23 Jezus antwoordde en zeide tot hem: Zo iemand Mij liefheeft, die zal Mijn woord bewaren; en Mijn Vader zal hem liefhebben, en Wij zullen tot hem komen, en zullen woning bij hem maken.

24 Die Mij niet liefheeft, die bewaart Mijn woorden niet; en het woord dat gijlieden hoort, is het Mijne niet, maar des Vaders, Die Mij gezonden heeft.

25 Deze dingen heb Ik tot u gesproken, bij u blijvende.

26 Maar de Trooster, de Heilige Geest, Welken de Vader zenden zal in Mijn Naam, Die zal u alles leren, en zal u indachtig maken alles, wat Ik u gezegd heb.

27 Vrede laat Ik u, Mijn vrede geef Ik u; niet gelijkerwijs de wereld hem geeft, geef Ik hem u. Uw hart worde niet ontroerd en zij niet versaagd.

28 Gij hebt gehoord, dat Ik tot u gezegd heb: Ik ga heen, en kom weder tot u.
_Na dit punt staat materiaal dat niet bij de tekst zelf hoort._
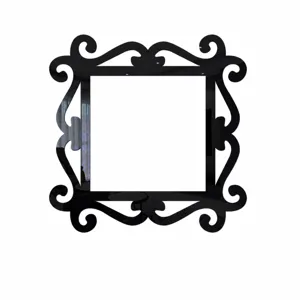 Detailed acrylic mirror wall sticker dimension diagram showing 150x150mm overall size.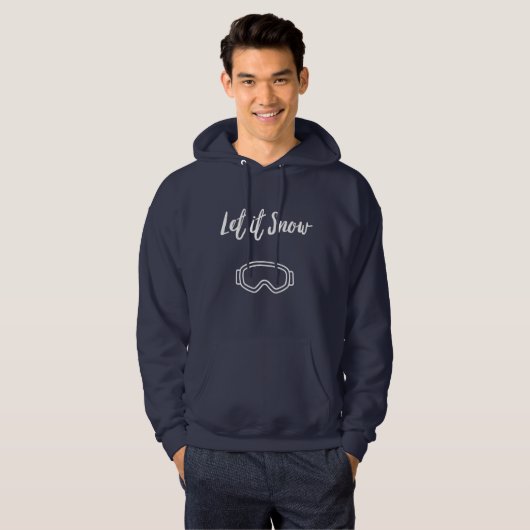 Moderne minimalistische winterski hoodie (Voorkant volledig)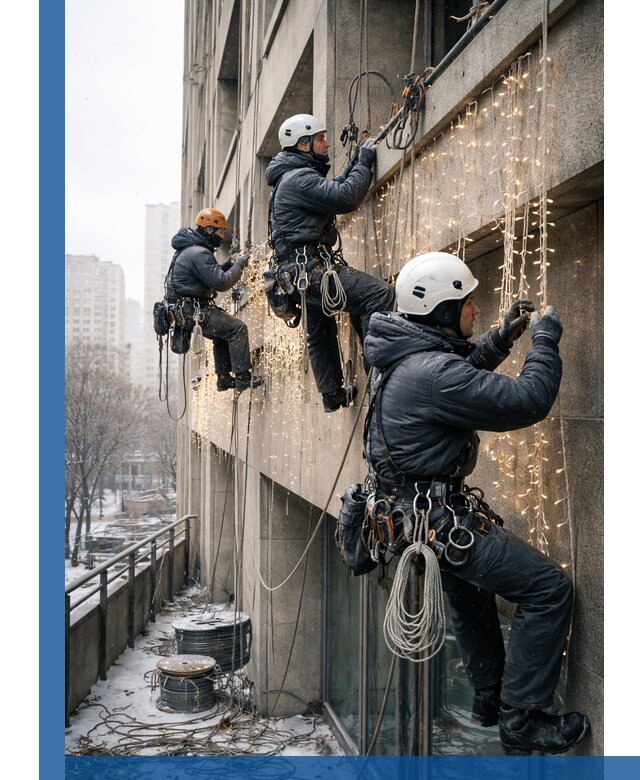 Монтаж новогодней иллюминации и украшение фасадов в Мичуринске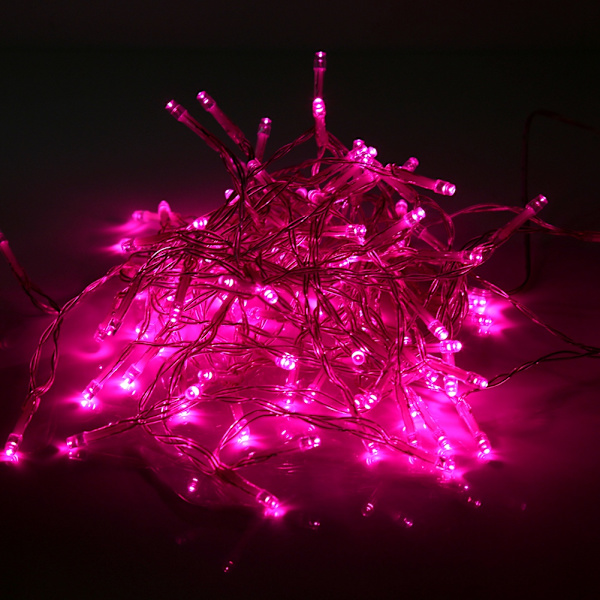 Batteridrevne 100 LED-lyslenker Julehagefestdekorasjon med fjernkontroll Rosa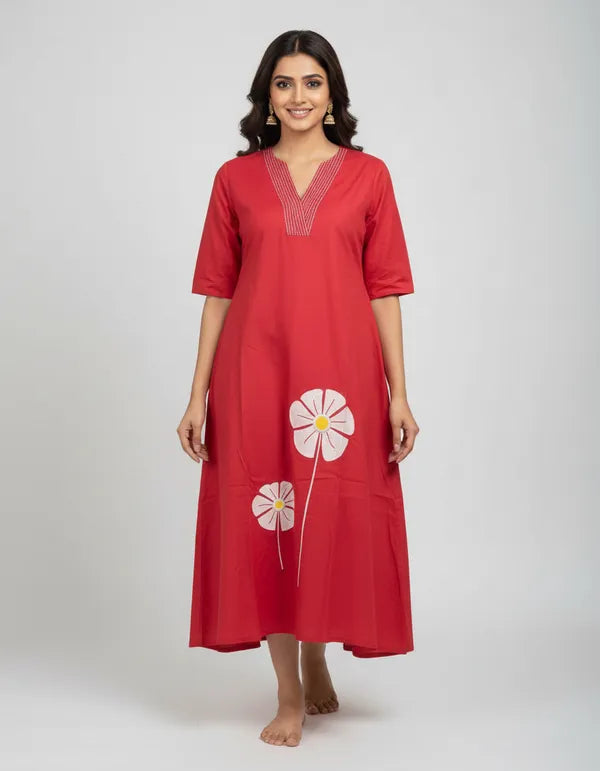 Red Cotton Floral Embroidered Co-Ords Set For Women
Indien gij Mij liefhadt, zo zoudt gij u verblijden, omdat Ik gezegd heb: Ik ga heen tot den Vader; want Mijn Vader is meerder dan Ik.

29 En nu heb Ik het u gezegd, eer het geschied is; opdat, wanneer het geschied zal zijn, gij geloven moogt.

30 Ik zal niet meer veel met u spreken; want de overste dezer wereld komt, en heeft aan Mij niets.

31 Maar opdat de wereld wete, dat Ik den Vader liefheb, en alzo doe, gelijkerwijs Mij de Vader geboden heeft. Staat op, laat ons van hier gaan.